Source information:
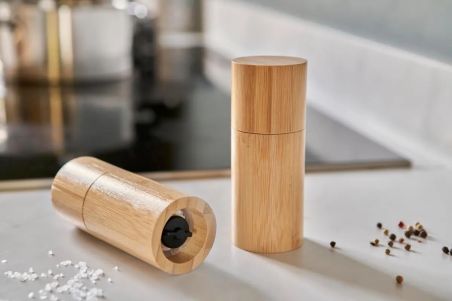 Set 2 molinillos especias bambú cerámica caja kraft
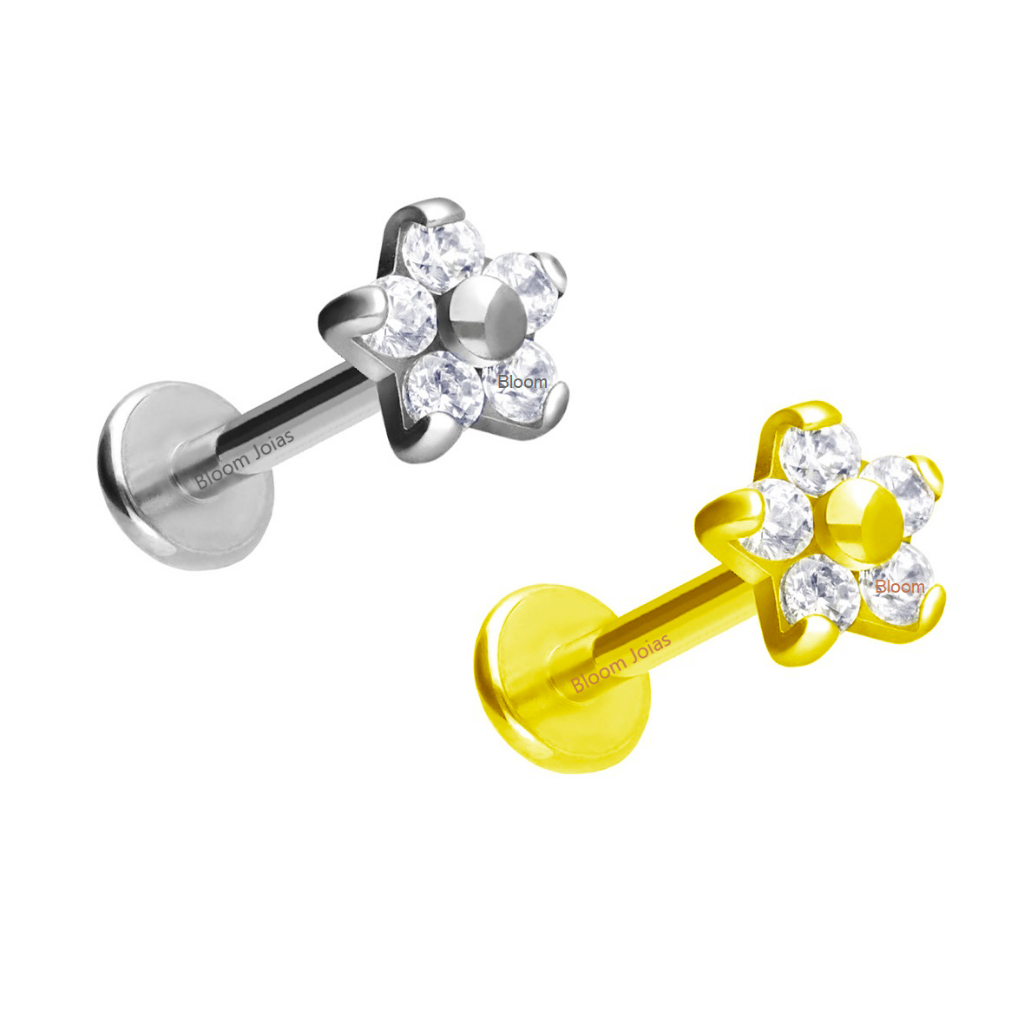 Piercing Tragus Labret 100% Titânio Flor Com Zircônias em Oferta na Shopee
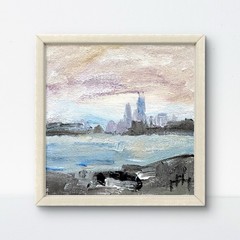 Lake No.9 4×4 original oil painting Chicago urban landscape fine art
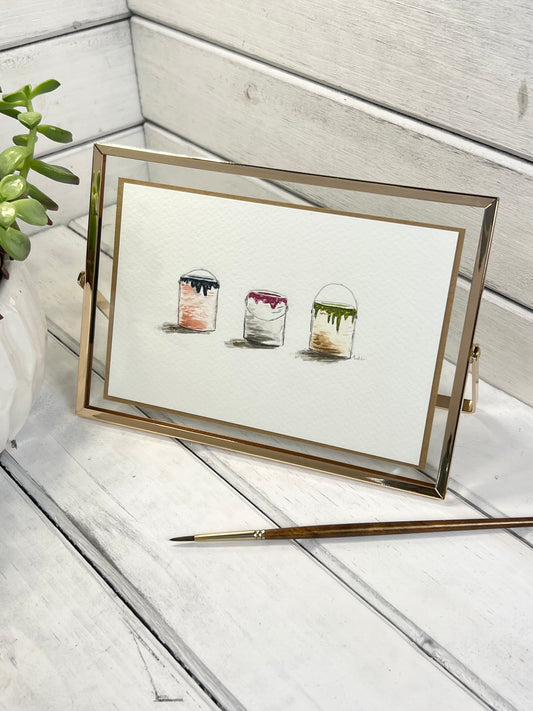 "Paint Cans" - Original Watercolor Framed Art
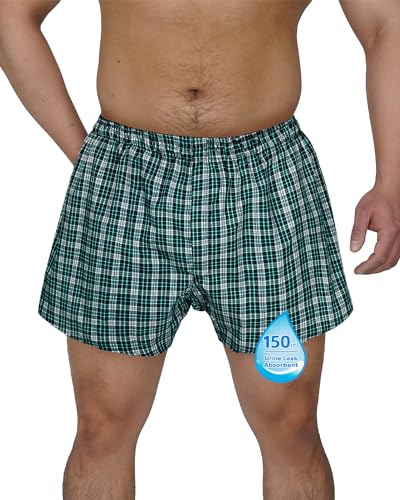 TIICHOO Inkontinenzhosen für Männer Waschbare Inkontinenz Slip Herren Normale Saugfähigkeit Wiederverwendbar Bequem Boxershorts Mit Eingriff 1er Pack (3X-Large, 1 Grün Kariert) von TIICHOO
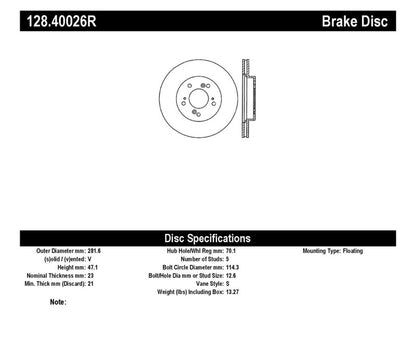 StopTech 97-01 Acura Integra Type R / 97-01 Honda CR-V Drilled Right Front Rotor Stoptech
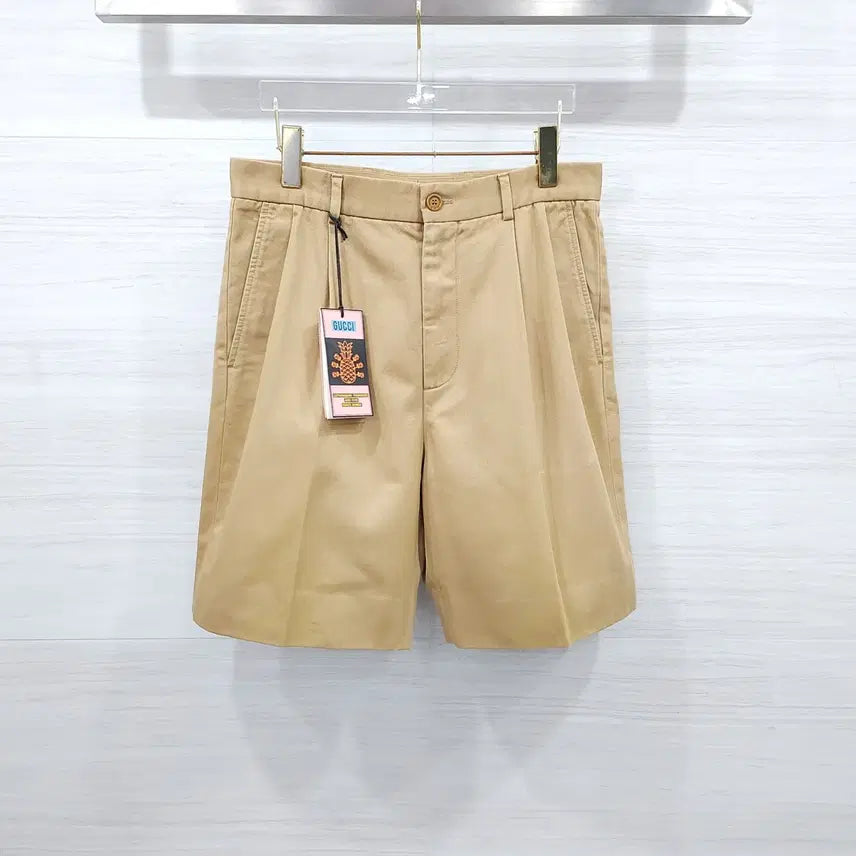 [BUNJANG] Gucci Pineapple Logo Patch Beige Shorts 671828 / 46 / 구찌 파인애플 로고 패치 베이지 반바지 671828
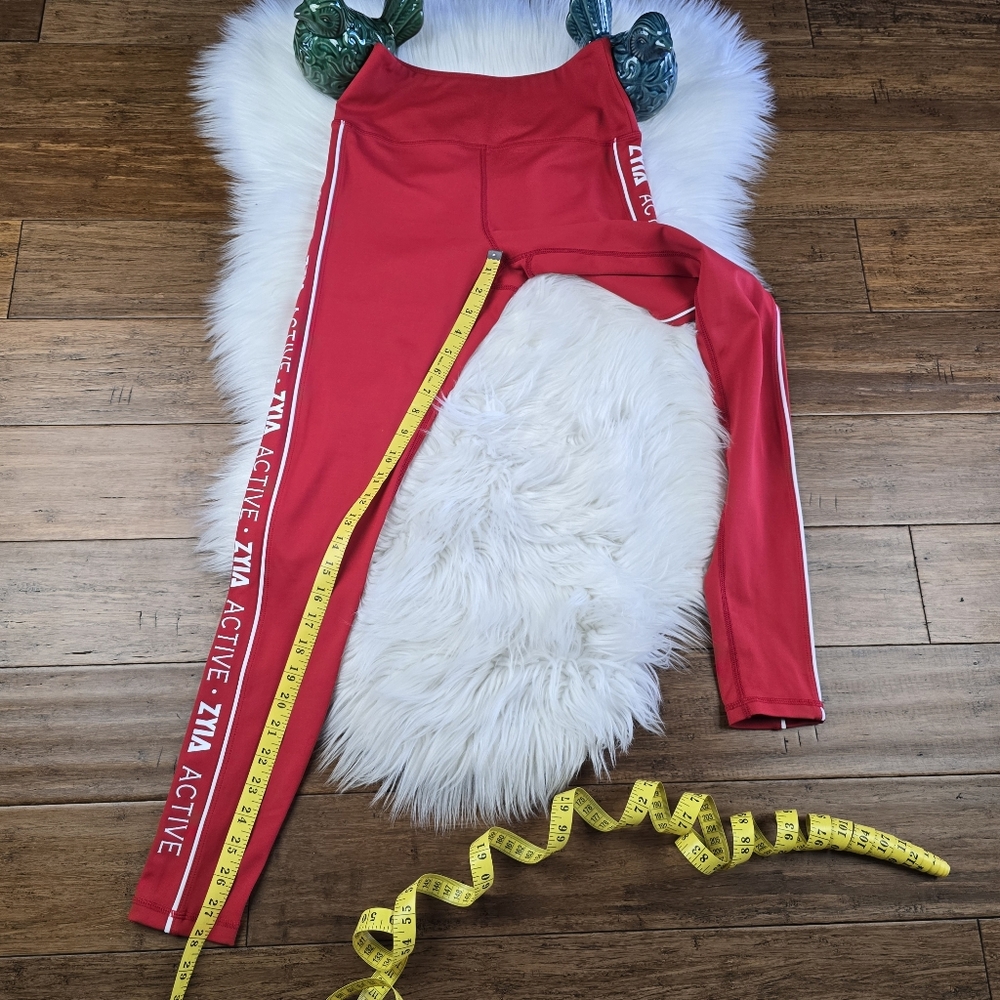 Zyia Light N Tight High Rise Logo Stripe Red Leggings 6-8 - Picture 12 of 12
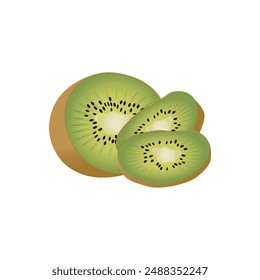 green kiwi fruit on white background,vector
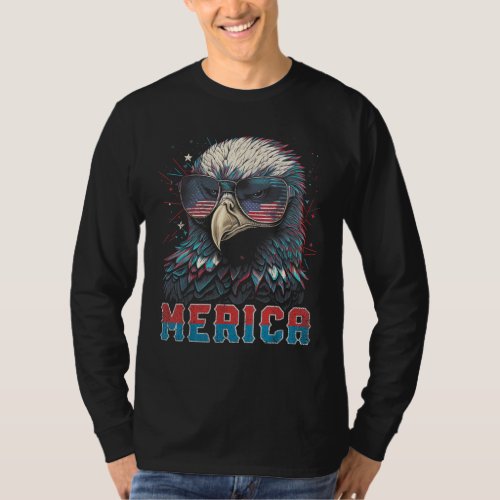 Bird Merica 4th of July American Flag USA America T_Shirt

Task requirements:
For this exercise, write the listing out again exactly, excluding all images.

Finished task:
 Set 2 molinillos especias bambú cerámica caja kraft
 Piercing Tragus Labret 100% Titânio Flor Com Zircônias em Oferta na Shopee
 Lake No.9 4×4 original oil painting Chicago urban landscape fine art
 "Paint Cans" - Original Watercolor Framed Art
 TIICHOO Inkontinenzhosen für Männer Waschbare Inkontinenz Slip Herren Normale Saugfähigkeit Wiederverwendbar Bequem Boxershorts Mit Eingriff 1er Pack (3X-Large, 1 Grün Kariert) von TIICHOO
 StopTech 97-01 Acura Integra Type R / 97-01 Honda CR-V Drilled Right Front Rotor Stoptech
 [BUNJANG] Gucci Pineapple Logo Patch Beige Shorts 671828 / 46 / 구찌 파인애플 로고 패치 베이지 반바지 671828
 Zyia Light N Tight High Rise Logo Stripe Red Leggings 6-8 - Picture 12 of 12
 green kiwi fruit on white background,vector
 Bird Merica 4th of July American Flag USA America T_Shirt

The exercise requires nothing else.